Network-based models of fitness landscapes have only recently been applied to continuous optimisation problems outside the realm of molecular energy minimisation, examples are [1, 2, 17]. Our work extends these results in order to contrast the global (funnel) structure of synthetic vs. real-world continuous optimisation problems, we also develop some aspects of the methodology. Our main contributions are to:

  • Apply the LON model to real-world continuous optimisation problems (including engineering design and machine learning) and contrast their structure against the structure of synthetic benchmark functions.

  • Contrast two initialisation methods, uniform and Latin hypercube, when sampling the fitness landscapes to extract the LON models.

  • Explore the effect of increasing the problem dimension on the global (funnel) structure of the underlying landscapes.

2 Definitions

We start by formalising the notions of fitness landscapes and local optimum, before defining the local optima network models considered in our study. We use two models to discover the global structure of continuous optimisation problems: the Monotonic LON model, and the Compressed Monotonic LON model, introduced in [16].

Fitness Landscape. In the context of continuous optimisation, a fitness landscape is a triplet \((\mathbf {X},N,f)\) where \(\mathbf {X} \in \mathbb {R}^n\) is the set of all real-valued solutions of n dimensions, i.e., the search space; N is a function that assigns to every solution \(\mathbf {x} \in \mathbf {X}\) a set of neighbors \(N(\mathbf {x})\); and \(f : \mathbb {R}^n \rightarrow \mathbb {R} \) is the fitness function.
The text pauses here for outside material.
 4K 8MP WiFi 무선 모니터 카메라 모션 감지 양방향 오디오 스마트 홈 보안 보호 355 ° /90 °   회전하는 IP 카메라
A potential solution \(\mathbf {x}\) is denoted as vector \(\mathbf {x} = (x_1., x_2, \ldots , x_n)\), and the neighbourhood is based on hypercubes. Formally, the neighbourhood of a candidate solution \(\mathbf {x}_k\) is defined as, \(\mathbf {x}_j \in N(\mathbf {x}_k) \leftrightarrow | x_{ki} - x_{ji} | < s_i ,\, i = \{1,\, \ldots ,\, n \} \) where \(\mathbf {s}=(s_1,s_2,\ldots , s_n)\) is a vector that represents the size of the neighbourhood in all dimensions.

Local Optimum. A solution \(\mathbf {x}^* \in \mathbf {X}\) such that \(\forall \mathbf {x} \in N(\mathbf {x}^*)\), \(f(\mathbf {x}^*) \le f(\mathbf {x})\).
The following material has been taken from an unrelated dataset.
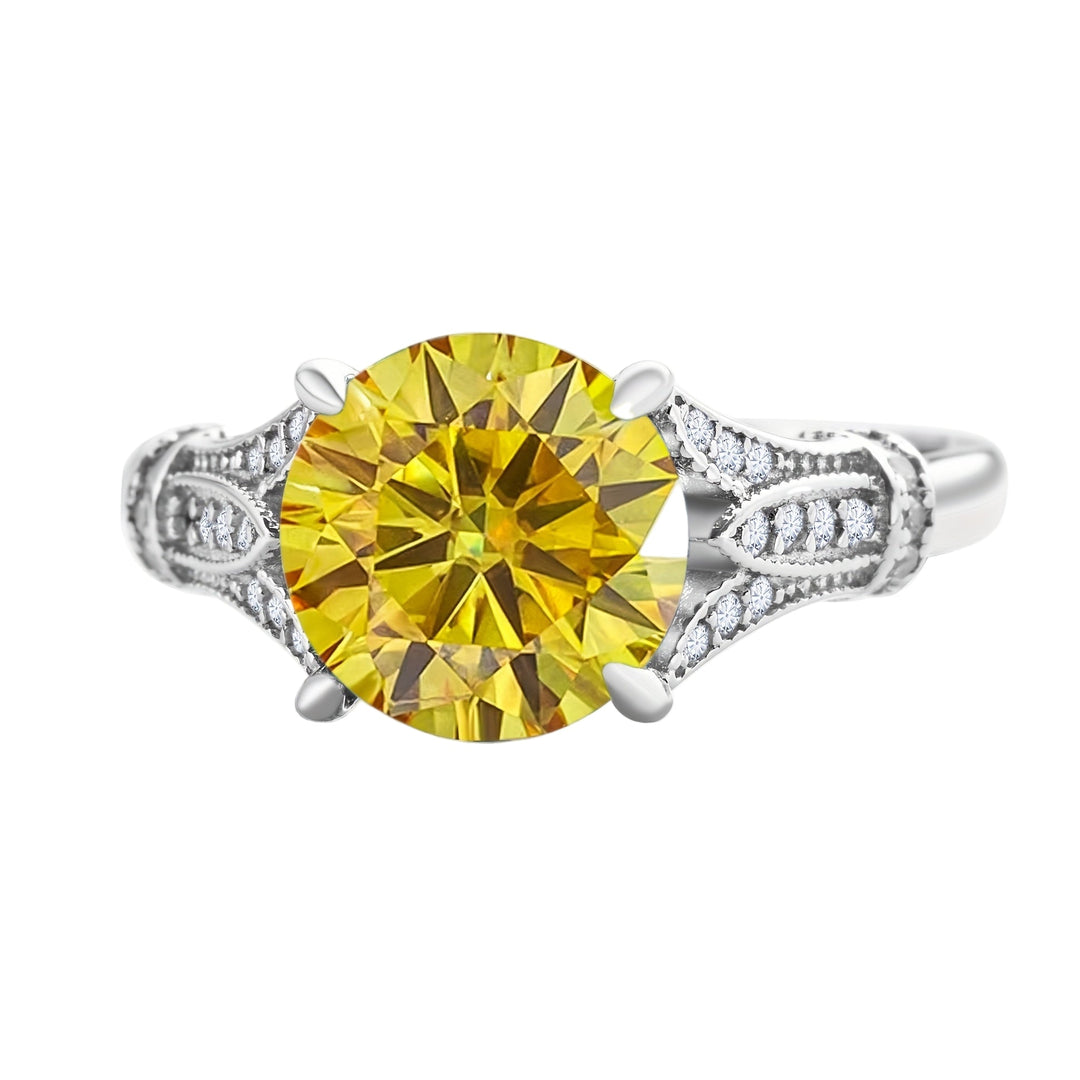 Elegant Round Moissanite Engagement Ring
Monotonic LON Model. The monotonic LON is the directed graph \( MLON =(L, ME )\) where the nodes L are local optima and the edges \( ME \subset E\) are monotonic perturbation edges.

Monotonic Perturbation Edges. There is a monotonic perturbation edge from a local optimum \(\mathbf {l}_1\) to a local optimum \(\mathbf {l}_2\), if \(\mathbf {l}_2\) can be obtained from a random perturbation of \(\mathbf {l}_1\) followed by a local minimisation process, and \(f(\mathbf {l}_2) \le f(\mathbf {l}_1)\). The edge is called monotonic because the transition between two local optima is non-deteriorating. In this model, the edges are weighted with the number of times a transition between two local optima occurred.

Compressed Monotonic LON Model. This is a coarser model that compresses connected local optima at the same fitness into single nodes. The purpose is to facilitate modelling landscapes with neutrality.

Compressed Monotonic LON. It is the directed graph \( CMLON = ( CL , CE )\) where the nodes are compressed local optima \( CL \), and the edges \( CE \subset ME \) are aggregated from the monotonic edge set \( ME \) by summing up the edge weights.

Compressed Local Optimum. A compressed local optimum is a single node that represents a set of connected nodes in the MLON model with the same fitness value.

Monotonic Sequence. A monotonic sequence is a path of connected local optima where their fitness values are always decreasing. Every monotonic sequence has a natural end, which represent a funnel bottom, also called sink in graph theory.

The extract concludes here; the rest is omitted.